[Start of section]

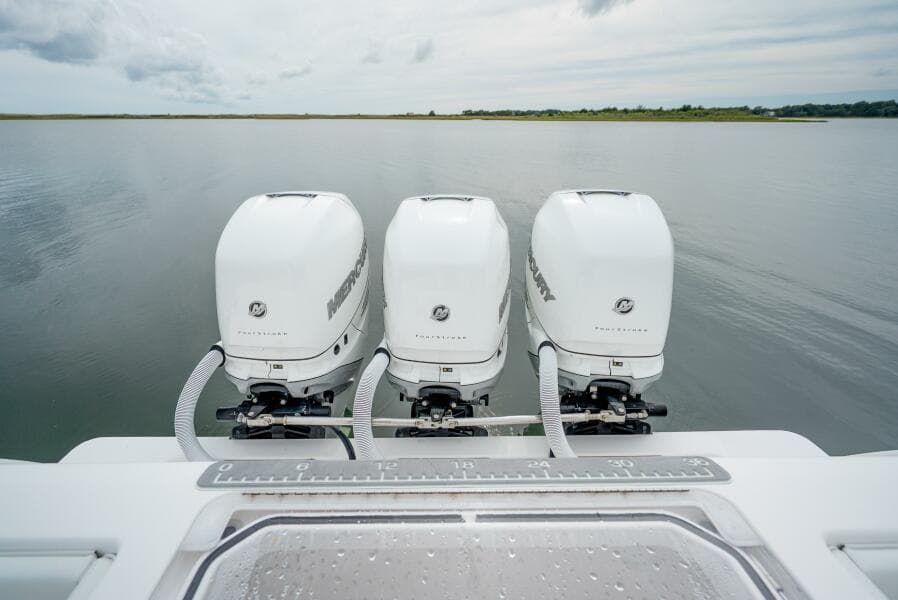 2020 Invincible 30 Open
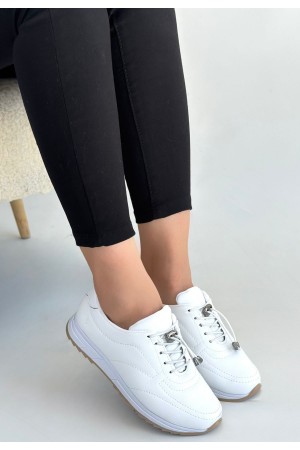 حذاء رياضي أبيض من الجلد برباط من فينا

[End of section]
[Start of section]

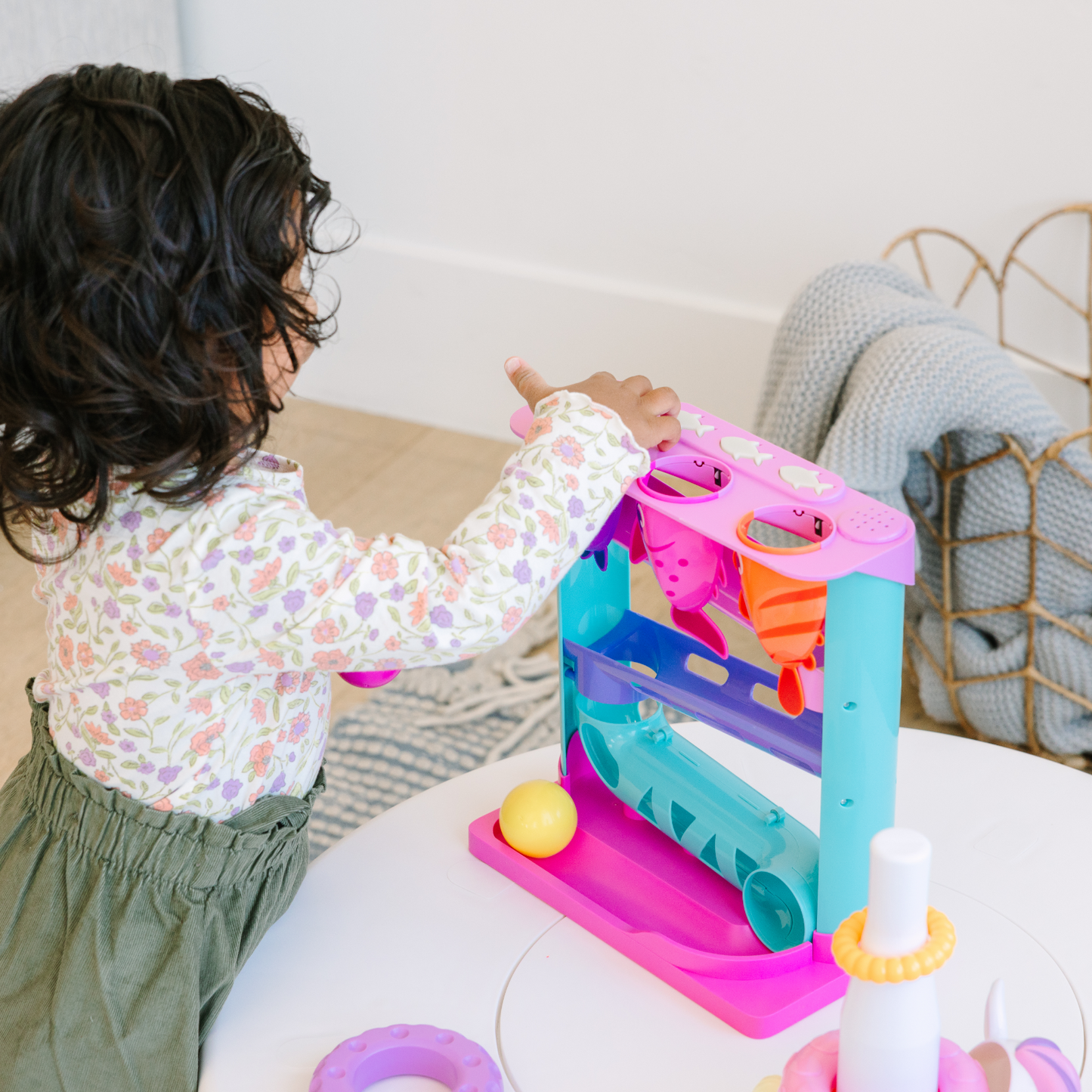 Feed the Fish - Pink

[End of section]
[Start of section]

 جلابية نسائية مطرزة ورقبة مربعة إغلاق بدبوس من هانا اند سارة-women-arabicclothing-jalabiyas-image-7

[End of section]

From the records above, return exactly the lines running from the one that contains "2020 Invincible 30 Open" down to the one that contains "حذاء رياضي أبيض من الجلد برباط من فينا", both included, without any pictures.

 2020 Invincible 30 Open
 حذاء رياضي أبيض من الجلد برباط من فينا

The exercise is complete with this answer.